I wrote this a month or so ago for the Antarctic Sun so the holiday season is a bit out of date, but it’s still an interesting piece.
This is probably the first time in my life I’ve been so deprived of smell. Sure I’m on the windiest, driest, coldest, an arguably the most lifeless continent on earth, but it never dawned on me when I signed on to come to McMurdo that I wouldn’t be smelling much pleasant for about 130 days. Day to day we smell diesel exhaust, household and industrial cleaners, sweat, deodorant, dirty coats, unkempt offices, cigarettes, and lots of human smells, yet for most of us summer workers it’s been over 2 months since we smelled a rose. Well maybe that is a bit much, but try remember what a blade of grass and what the flavor life on rich soil smells like while you’re here at McMurdo.

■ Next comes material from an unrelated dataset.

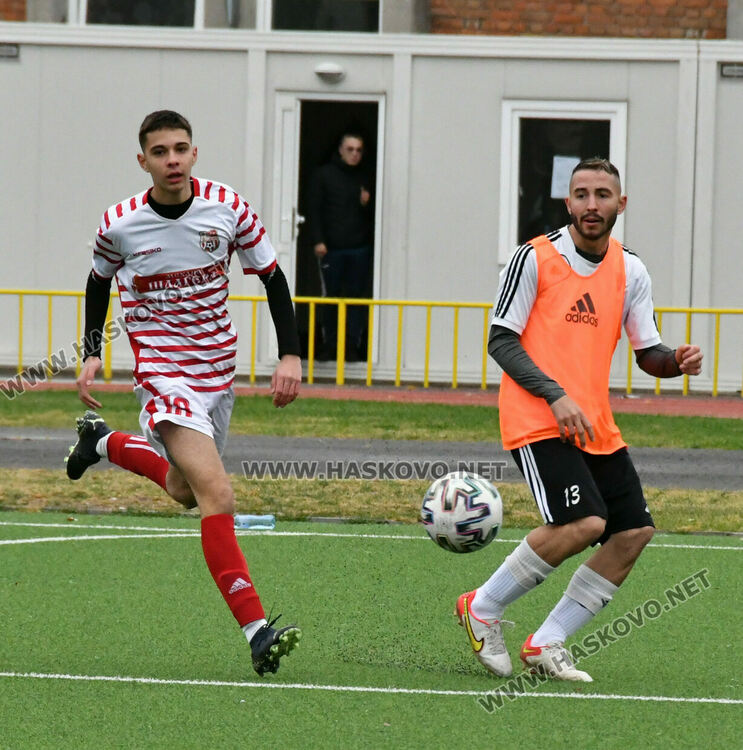 ФК „Хасково“ загуби от лидера „Любимец“ с 1:7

Lonnie Clayton mentioned the lack of smells several weeks ago during his talk on Deep Freeze One, which described when they settled McMurdo in 1955. His reference was more along the line of a memory he had while on the ships sailing across the sea and being able to smell life as you got near the coast. That thought of being able to smell life has stuck with me as I keep running into smells that I miss from home, especially when I run into a smell like pine during the Christmas season. If we were at home in the states, we’d be walking around, in and out of stores or houses where wreaths and pine trees.
In town we’ve got decorations going up like fake Christmas trees with great ornaments and fake wreaths with garland and decorations all over. I’m sure as time goes on people will get out the Santa costumes and more Christmas music will start being played (in more moderation then the US), but there’s definitely something missing when you don’t have a log burning in the fireplace and a real pine Christmas tree being heated by the Christmas light, and Christmas dinner in the oven. Of course the kitchen here does put on a brilliant meal for the holidays and we are indeed treated to the pleasant smell put on by the hardworking people in the kitchen. This is probably our olfactory savior. Not always good food, it is always interesting to walk behind 155 and get a sense of what the next meal might contain. At night you can get the smell of freshly baked bread or sometimes you can tell when we are having fried chicken just by the smell. They give us life in food and remind us that there’s a world out there beyond this beautiful landscape.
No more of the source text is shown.